An Interactive Story ‘Rural Women, Empowerment and Mining The issues rural women face from extractive activities in Malawi’ with Publish What You Pay’s Olivia Broome:
The villagers of Mwabulambo in northern Malawi first heard about the planned mining activities in their village when the trucks arrived. When the villagers asked what was happening, they were told that a coal-mining facility was going to be running in their neighbourhood for the next two years.
The rural women in the area hoped this new development would bring job opportunities and a much-needed healthcare centre to the area for their families. Yet in the space of half a year, local communities were progressively uprooted by mining activities they had been completely unaware of.

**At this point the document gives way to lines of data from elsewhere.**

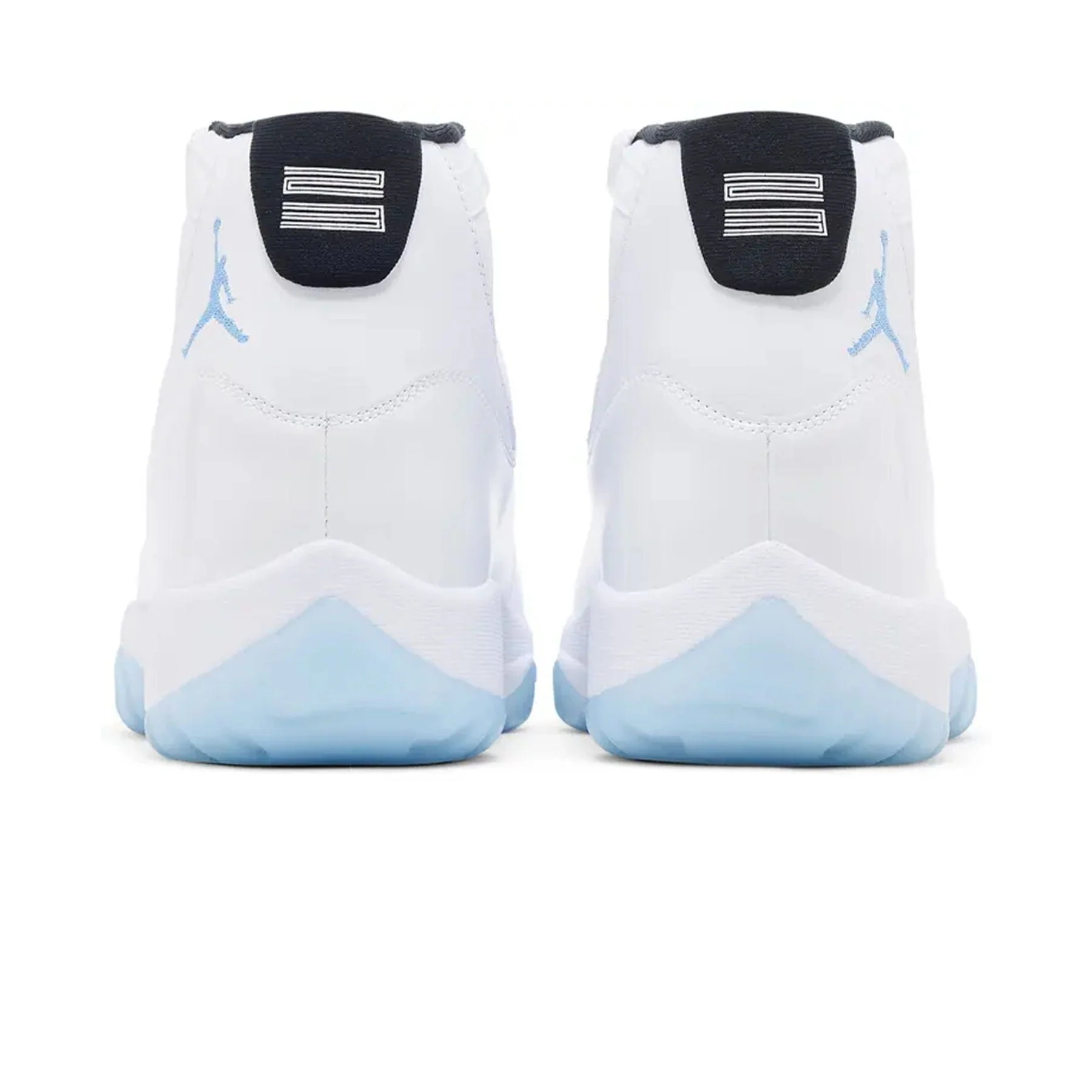 Air Jordan 11 Retro 'Legend Blue / Columbia' - Image 4
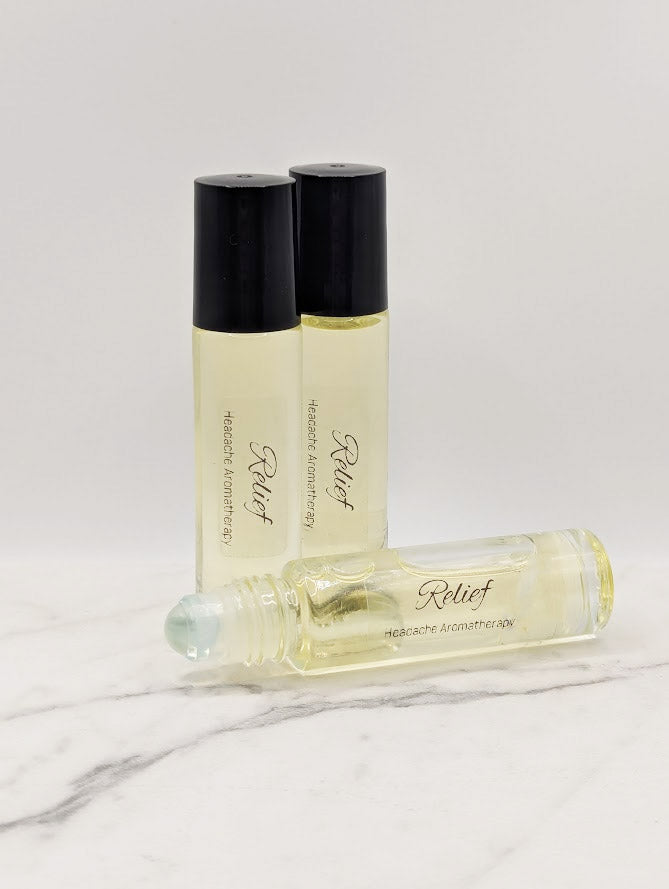 Relief - Headache Aromatherapy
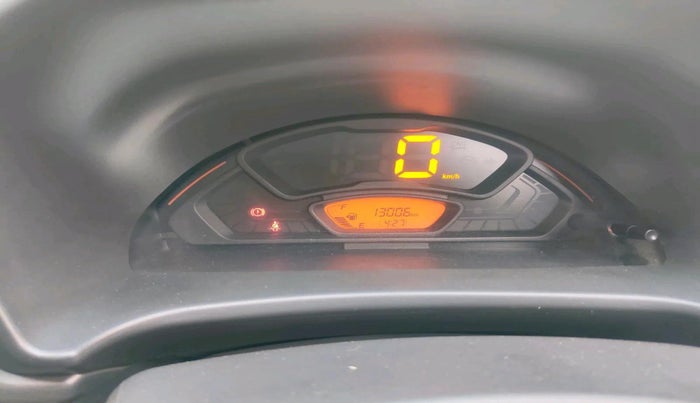 2022 Maruti Alto K10 VXI, Petrol, Manual, 13,006 km, interior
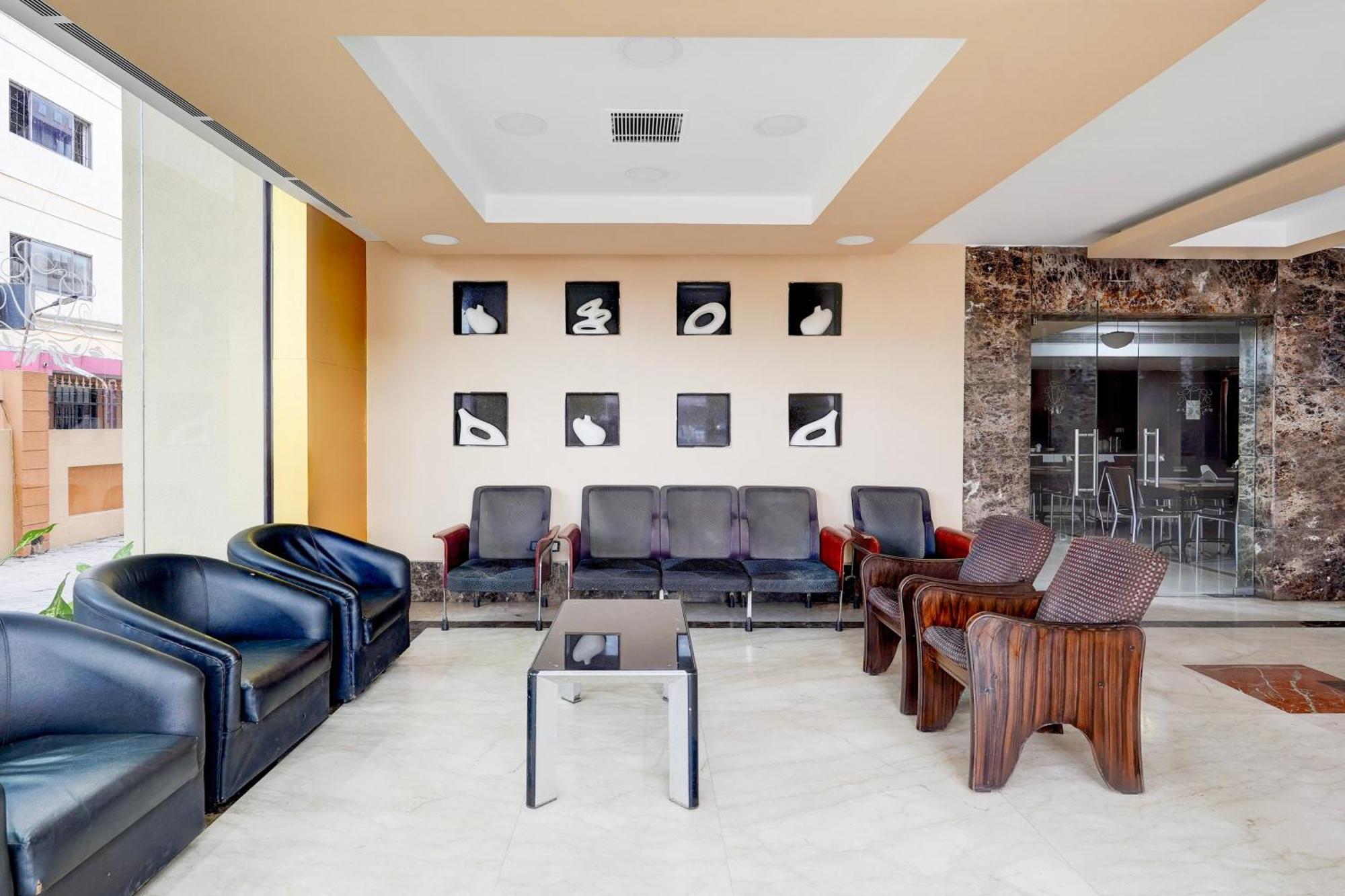 Hotel Super Townhouse Koyambedu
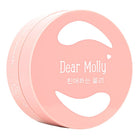 LETOILE Moisturizing hydrogel eye patch «peach», 60 pcs – buy online
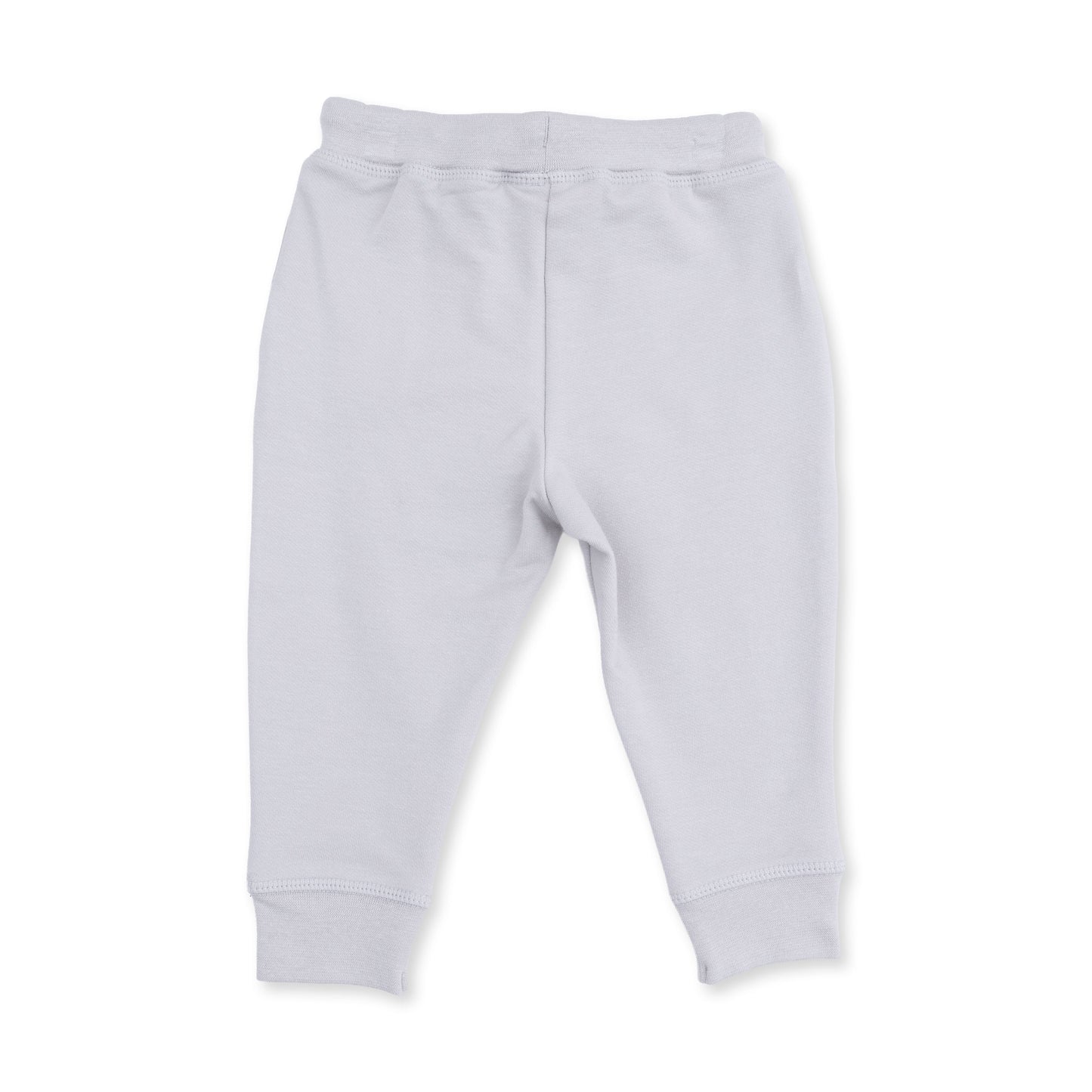 Cows Blue - Solid Pearl Blue Jogger Pant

None of the villagers had been consulted about these changes and no consent had been given.
Because of Malawi’s mineral wealth, the government has actively promoted private investments in mining and resource extraction, trying to diversify its economy away from agriculture, in particular tobacco.
A large number of licenses were issued all around the country, allowing oil and gas extraction to take place in areas around Lake Malawi, including protected UNESCO World Heritage sites.
Even Malawi’s newest draft law, the relatively-progressive Mines and Minerals Bill, exposes a significant administrative loophole: the lack of transparency about the mining-related risks.
This means that local communities’ right to access information, obtain respectful resettlement agreements, and be informed about the benefits and risks of existing and future problems aren’t officially enforced.